Current PRCs use nanophotonic structures that are limited by high cost and poor compatibility with applications, however, while polymeric photonic alternatives lack weather resistance and effective solar reflection.
“Our cooling ceramic achieves advanced optical properties and has robust applicability,” said Professor Tso. “The colour, weather resistance, mechanical robustness and ability to depress the Leidenfrost effect – a phenomenon that prevents heat transfer and makes liquid cooling on the hot surface ineffective – are key features ensuring the durable and versatile nature of the cooling ceramic.”
The new material has a ‘hierarchically porous’ structure as a bulk ceramic material, which is easily fabricated using accessible inorganic materials such as aluminium oxide (also known as alumina), through a simple two-step process involving phase inversion and sintering. No delicate equipment or costly materials are required, the researchers claimed, making scalable manufacturing feasible.

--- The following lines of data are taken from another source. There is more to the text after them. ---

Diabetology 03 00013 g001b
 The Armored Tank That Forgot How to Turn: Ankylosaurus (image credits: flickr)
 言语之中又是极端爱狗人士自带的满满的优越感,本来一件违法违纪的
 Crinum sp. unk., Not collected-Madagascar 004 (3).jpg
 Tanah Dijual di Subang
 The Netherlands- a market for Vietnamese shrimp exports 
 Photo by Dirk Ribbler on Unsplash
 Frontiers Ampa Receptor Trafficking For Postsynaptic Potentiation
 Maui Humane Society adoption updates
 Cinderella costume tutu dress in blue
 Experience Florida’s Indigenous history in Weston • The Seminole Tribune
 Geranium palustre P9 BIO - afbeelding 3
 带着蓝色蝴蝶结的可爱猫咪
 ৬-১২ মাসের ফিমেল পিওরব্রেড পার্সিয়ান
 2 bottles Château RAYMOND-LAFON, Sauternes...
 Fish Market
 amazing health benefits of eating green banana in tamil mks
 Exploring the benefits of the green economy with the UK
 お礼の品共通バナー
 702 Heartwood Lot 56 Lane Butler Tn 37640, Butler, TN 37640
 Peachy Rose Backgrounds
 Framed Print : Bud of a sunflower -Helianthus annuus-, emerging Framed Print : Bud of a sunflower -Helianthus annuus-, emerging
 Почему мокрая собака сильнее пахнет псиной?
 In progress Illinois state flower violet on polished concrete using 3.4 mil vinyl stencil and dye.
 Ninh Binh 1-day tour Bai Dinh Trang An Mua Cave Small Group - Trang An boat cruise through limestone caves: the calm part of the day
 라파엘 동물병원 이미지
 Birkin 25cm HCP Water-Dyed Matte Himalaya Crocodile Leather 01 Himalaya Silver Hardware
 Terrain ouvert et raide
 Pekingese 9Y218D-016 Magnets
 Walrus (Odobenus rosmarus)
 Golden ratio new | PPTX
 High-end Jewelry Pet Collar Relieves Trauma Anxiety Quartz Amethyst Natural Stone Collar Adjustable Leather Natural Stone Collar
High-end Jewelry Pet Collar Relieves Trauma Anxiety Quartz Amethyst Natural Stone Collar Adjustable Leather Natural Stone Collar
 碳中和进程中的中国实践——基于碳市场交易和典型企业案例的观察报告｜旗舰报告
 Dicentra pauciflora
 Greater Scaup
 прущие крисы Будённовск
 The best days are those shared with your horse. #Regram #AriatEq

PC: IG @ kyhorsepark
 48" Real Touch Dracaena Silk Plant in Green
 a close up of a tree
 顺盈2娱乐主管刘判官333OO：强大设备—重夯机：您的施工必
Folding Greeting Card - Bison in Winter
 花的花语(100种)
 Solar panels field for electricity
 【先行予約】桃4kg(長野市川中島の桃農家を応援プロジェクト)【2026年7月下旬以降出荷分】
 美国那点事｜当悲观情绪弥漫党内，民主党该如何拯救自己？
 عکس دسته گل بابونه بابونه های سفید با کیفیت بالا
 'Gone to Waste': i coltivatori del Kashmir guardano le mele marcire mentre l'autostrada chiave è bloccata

By mimicking the bio-whiteness of the Cyphochilus beetle and optimising the porous structure, the cooling ceramic efficiently scatters almost all the wavelength of sunlight, reportedly resulting in near-ideal solar reflectivity of 99.6% and a high mid-infrared thermal emission of 96.5%. These optical properties surpass those of current state-of-the-art materials, the team said.
“The cooling ceramic is made of alumina, which provides the desired UV resistance degradation, which is a concern typical of most polymer-based PRC designs. It also exhibits outstanding fire resistance, by withstanding temperatures exceeding 1,000°C, which surpasses the capabilities of most polymer-based or metal-based PRC materials,” said Professor Tso.
The researchers said that beyond its exceptional optical performance, the cooling ceramic exhibits excellent weather resistance, chemical stability and mechanical strength.
The work was published in Science.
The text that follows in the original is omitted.